◆ **Task instructions**: Scanning the entries below, copy every line that contains the word "fireplace".

◆ **Task inputs**:
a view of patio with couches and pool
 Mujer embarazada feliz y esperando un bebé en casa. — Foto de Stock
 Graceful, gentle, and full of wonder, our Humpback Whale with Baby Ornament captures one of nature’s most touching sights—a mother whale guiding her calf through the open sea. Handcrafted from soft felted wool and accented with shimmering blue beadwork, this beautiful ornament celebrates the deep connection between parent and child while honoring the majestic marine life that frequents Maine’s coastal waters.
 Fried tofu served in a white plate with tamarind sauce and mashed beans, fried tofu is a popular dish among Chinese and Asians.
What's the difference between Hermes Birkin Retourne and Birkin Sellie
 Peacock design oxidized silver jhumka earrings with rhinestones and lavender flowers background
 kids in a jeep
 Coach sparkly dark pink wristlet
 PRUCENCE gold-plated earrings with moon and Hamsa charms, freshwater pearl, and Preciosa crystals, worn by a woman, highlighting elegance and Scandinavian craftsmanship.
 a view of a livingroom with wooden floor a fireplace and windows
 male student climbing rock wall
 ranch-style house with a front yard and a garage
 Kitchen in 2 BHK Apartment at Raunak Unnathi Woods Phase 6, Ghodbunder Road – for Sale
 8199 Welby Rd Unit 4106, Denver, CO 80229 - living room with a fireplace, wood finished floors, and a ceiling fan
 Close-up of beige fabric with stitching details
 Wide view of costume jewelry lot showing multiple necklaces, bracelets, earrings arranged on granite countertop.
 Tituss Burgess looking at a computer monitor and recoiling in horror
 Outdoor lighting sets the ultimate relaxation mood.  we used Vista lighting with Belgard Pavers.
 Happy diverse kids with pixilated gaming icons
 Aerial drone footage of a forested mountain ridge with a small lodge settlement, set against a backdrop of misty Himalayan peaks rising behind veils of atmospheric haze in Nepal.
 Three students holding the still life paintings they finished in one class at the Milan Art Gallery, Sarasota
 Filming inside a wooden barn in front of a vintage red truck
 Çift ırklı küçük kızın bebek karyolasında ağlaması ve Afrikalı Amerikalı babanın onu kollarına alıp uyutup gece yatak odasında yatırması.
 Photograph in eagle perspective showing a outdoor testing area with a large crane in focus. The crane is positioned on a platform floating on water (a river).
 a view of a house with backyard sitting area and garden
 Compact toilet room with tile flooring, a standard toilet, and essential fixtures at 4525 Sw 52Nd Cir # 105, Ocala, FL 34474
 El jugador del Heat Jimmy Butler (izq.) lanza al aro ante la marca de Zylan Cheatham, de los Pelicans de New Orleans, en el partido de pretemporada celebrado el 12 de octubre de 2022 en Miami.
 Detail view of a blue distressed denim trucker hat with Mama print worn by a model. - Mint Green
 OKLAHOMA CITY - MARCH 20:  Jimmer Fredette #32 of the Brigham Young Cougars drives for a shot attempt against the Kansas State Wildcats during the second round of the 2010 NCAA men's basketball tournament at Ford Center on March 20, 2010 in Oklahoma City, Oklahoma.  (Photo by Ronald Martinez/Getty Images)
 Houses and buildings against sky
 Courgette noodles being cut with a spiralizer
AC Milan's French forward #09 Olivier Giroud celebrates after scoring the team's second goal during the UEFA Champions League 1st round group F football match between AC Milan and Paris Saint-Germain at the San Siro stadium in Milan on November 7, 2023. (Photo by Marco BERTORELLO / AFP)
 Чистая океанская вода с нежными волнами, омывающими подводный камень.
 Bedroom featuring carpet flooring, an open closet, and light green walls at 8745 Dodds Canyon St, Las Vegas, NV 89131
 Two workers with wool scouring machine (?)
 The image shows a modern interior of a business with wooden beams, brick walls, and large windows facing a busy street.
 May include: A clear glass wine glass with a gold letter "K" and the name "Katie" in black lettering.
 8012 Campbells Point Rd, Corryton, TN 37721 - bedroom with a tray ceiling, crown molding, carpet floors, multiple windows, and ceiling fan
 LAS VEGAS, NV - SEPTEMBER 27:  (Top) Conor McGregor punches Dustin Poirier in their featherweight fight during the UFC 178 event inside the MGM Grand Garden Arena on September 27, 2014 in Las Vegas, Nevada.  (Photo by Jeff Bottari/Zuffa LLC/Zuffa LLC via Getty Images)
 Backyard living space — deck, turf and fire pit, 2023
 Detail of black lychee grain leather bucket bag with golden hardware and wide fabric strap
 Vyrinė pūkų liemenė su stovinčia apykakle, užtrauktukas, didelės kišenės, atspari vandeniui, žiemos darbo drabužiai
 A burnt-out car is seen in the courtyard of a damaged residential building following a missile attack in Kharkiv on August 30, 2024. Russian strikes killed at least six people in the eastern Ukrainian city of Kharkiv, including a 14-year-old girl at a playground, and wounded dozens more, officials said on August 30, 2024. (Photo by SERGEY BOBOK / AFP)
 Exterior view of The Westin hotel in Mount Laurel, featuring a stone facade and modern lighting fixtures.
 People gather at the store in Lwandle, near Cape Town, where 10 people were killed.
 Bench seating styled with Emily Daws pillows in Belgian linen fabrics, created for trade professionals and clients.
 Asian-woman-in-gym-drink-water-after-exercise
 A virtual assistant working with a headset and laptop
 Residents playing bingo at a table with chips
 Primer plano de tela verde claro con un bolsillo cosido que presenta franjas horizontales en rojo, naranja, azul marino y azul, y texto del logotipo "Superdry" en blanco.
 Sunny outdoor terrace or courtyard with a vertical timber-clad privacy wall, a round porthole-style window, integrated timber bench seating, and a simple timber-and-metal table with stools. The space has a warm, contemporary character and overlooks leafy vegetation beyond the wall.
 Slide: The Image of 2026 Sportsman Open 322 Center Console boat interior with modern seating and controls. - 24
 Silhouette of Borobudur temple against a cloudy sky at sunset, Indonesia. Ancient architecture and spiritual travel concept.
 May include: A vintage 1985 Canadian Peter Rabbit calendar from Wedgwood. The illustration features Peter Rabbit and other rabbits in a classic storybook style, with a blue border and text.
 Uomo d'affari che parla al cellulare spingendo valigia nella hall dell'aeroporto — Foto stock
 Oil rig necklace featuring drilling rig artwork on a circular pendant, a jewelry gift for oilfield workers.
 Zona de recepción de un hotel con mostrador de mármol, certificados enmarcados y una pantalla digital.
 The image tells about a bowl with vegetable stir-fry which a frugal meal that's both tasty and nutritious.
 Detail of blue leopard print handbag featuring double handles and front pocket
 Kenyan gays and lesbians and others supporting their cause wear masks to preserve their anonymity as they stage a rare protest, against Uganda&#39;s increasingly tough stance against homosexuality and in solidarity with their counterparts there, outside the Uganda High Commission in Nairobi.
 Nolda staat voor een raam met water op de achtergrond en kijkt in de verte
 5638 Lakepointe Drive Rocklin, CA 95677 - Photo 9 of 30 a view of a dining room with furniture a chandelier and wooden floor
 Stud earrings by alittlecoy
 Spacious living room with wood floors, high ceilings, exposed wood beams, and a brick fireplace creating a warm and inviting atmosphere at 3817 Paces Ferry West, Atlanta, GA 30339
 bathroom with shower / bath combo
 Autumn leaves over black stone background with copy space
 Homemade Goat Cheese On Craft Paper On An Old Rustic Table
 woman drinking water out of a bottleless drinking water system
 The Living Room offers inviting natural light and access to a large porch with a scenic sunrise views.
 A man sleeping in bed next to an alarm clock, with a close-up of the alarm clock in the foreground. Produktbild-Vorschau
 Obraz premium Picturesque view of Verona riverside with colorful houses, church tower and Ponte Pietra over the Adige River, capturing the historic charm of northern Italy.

◆ **Written answer**:
 a view of a livingroom with wooden floor a fireplace and windows
 8199 Welby Rd Unit 4106, Denver, CO 80229 - living room with a fireplace, wood finished floors, and a ceiling fan
 Spacious living room with wood floors, high ceilings, exposed wood beams, and a brick fireplace creating a warm and inviting atmosphere at 3817 Paces Ferry West, Atlanta, GA 30339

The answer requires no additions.